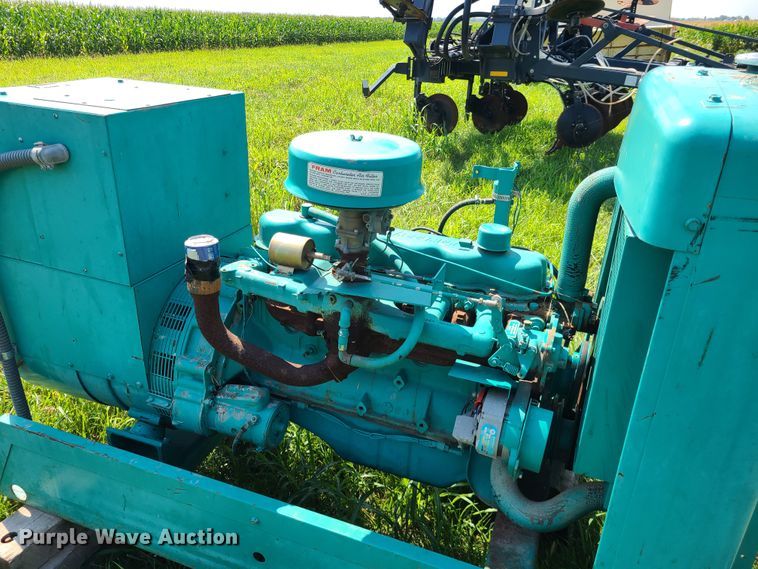 image for item IU9299 Onan 30 EK  generator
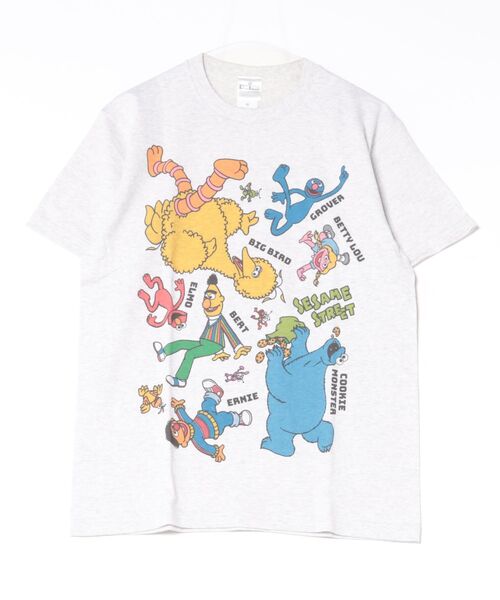 Rendez-Vous（ランデヴー）の「【 SESAME STREET 】 セサミストリート プリントTシャツ 26S4（Tシャツ/カットソー・レディース・ライトベージュ/オートミール・MEDIUM/LARGE）」の2枚目の写真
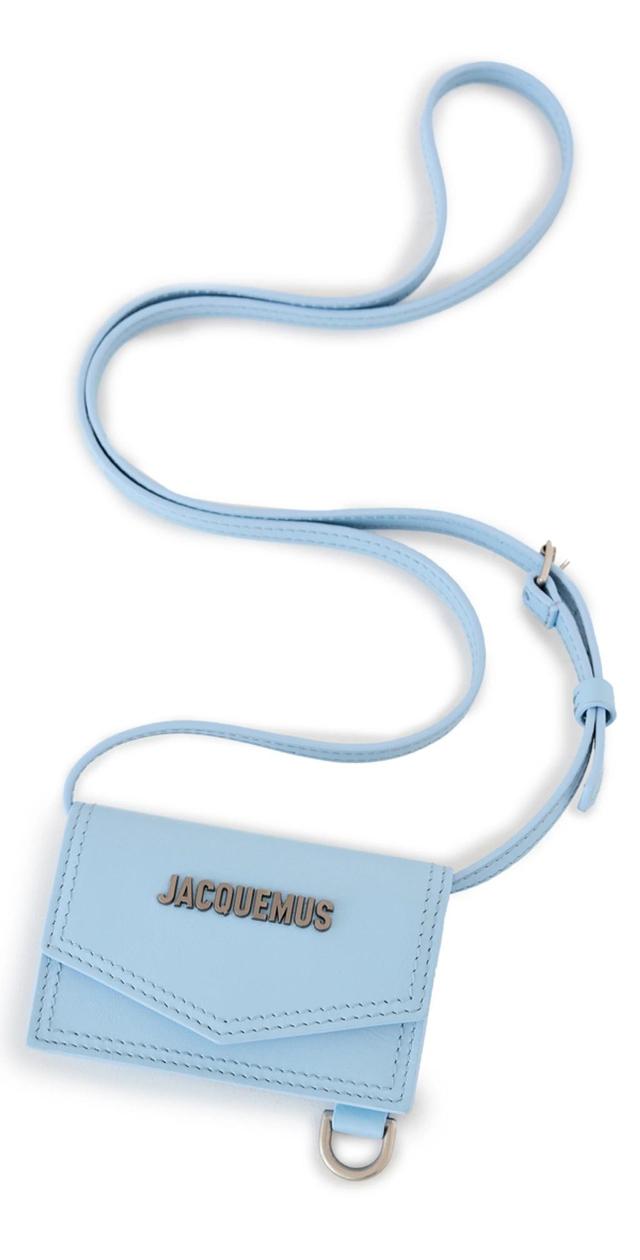 JACQUEMUS Le Porte Azur Bag In Light Blue Product Image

**About this exercise:** An unchanged copy of the listing, with no pictures, should be returned.

**Exercise result:**
 image for item IU9299 Onan 30 EK  generator
 Rendez-Vous（ランデヴー）の「【 SESAME STREET 】 セサミストリート プリントTシャツ 26S4（Tシャツ/カットソー・レディース・ライトベージュ/オートミール・MEDIUM/LARGE）」の2枚目の写真
 JACQUEMUS Le Porte Azur Bag In Light Blue Product Image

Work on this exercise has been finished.